Due to licensing restrictions, we cannot provide the raw data. However, we provide estimates obtained using the methods that we developed, and made available with scientific publications for reproducibility purposes. Currently, the database is global, at the country level and covers the period from 1998-2018.
Description | Research article | Data download | Data source | Materials for reproducability |
---|---|---|---|---|
Yearly measures of the number of scholars, emigrations, immigrations, net migration rates and other variables, per country | Replication data on Github | Scopus | Github repository | |
Yearly bilateral flows of scholars between countries | Replication data on Github | Scopus | Github repository |
If you download or use this data, please subscribe to our newsletter to receive updates on the project:
More information about how the data is produced and processed can be found in our official data documentation
or problems concerning the access to the data, please write to us.
Currently, our main data source is the Scopus bibliometric database because of its high quality in author name disambiguation. It covers the metadata and abstracts from over 50 million articles from more than 9,000 publishers and over 17 million author profiles.

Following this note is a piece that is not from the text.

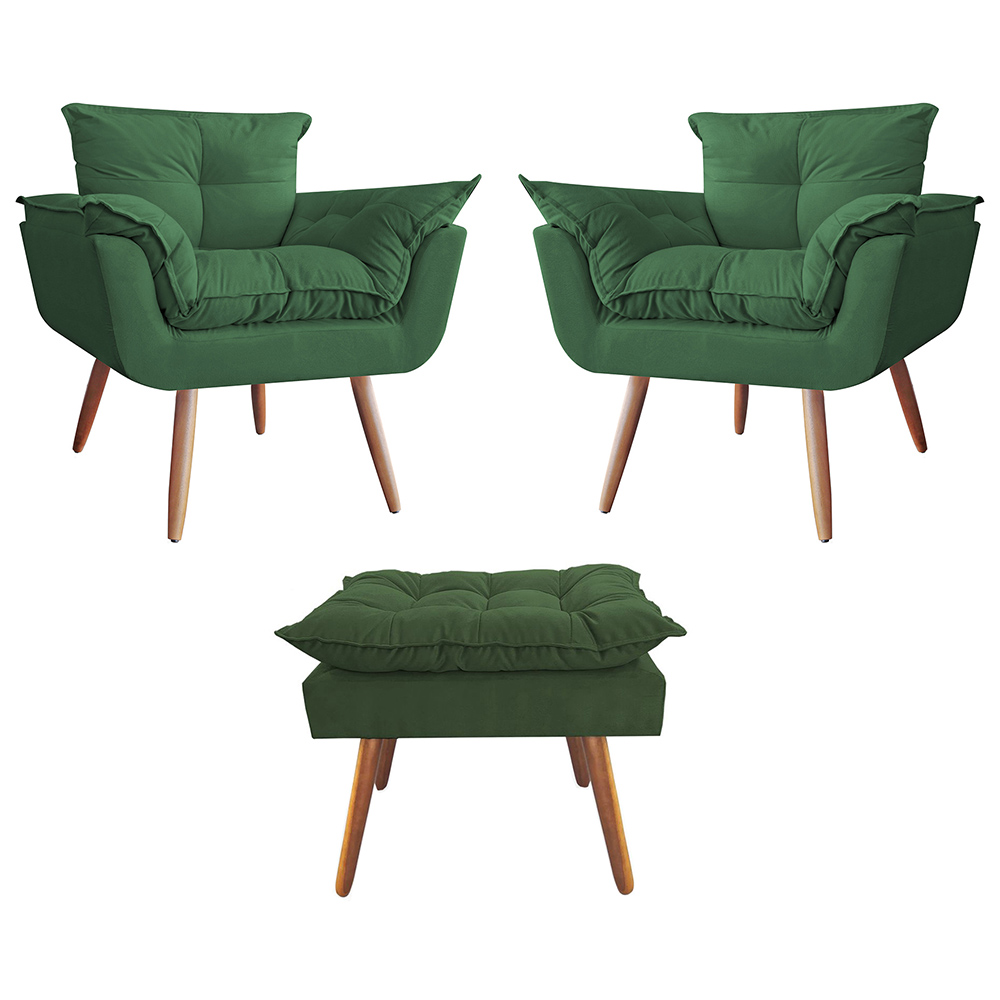 Combo 02 Poltronas decorativas mais um Puff Opalla Pés Palito Verde - DS Estofados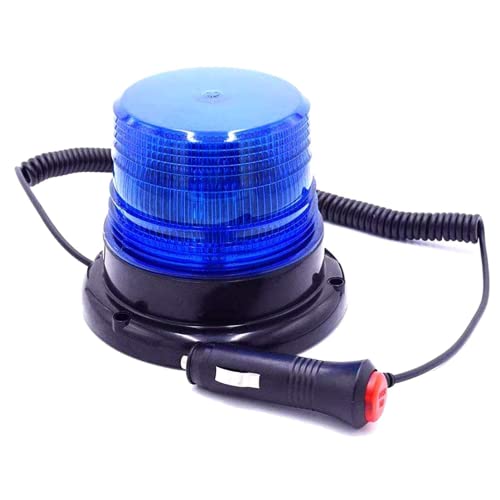 bangminda Gyrophare magnétique LED, Lumière d’Avertissement magnétique pour véhicule avec 12V/24V Prise Allume-Cigare (Bleu)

Via the Max Planck Digital Library, we use the infrastructure of the German Competence Centre for Bibliometrics to generate and download 240 million authorship records from the data. One authorship record is the unique combination of author, publication and affiliation addres.
We filter out unreliable entries of the Scopus database (please read the Methods and Documentation Working Paper for more information). In the next step, we group the data by year and author:
year | author | affiliation country |
---|---|---|
2008 | Jane Doe | DEU |
2008 | Jane Doe | DEU |
2008 | Jane Doe | FRA |
2012 | Jane Doe | USA |
If there is more than one affiliation country in one year, we take the most frequent one. If there is a year without any affiliation country, we fill the time up to two years before a publication with the country in the next available year:
year | author | inferred residence country |
---|---|---|
2006 | Jane Doe | DEU |
2007 | Jane Doe | DEU |
2008 | Jane Doe | DEU |
2010 | Jane Doe | USA |
2011 | Jane Doe | USA |
2012 | Jane Doe | USA |
Aggregated by country and year, these are the populations of researchers.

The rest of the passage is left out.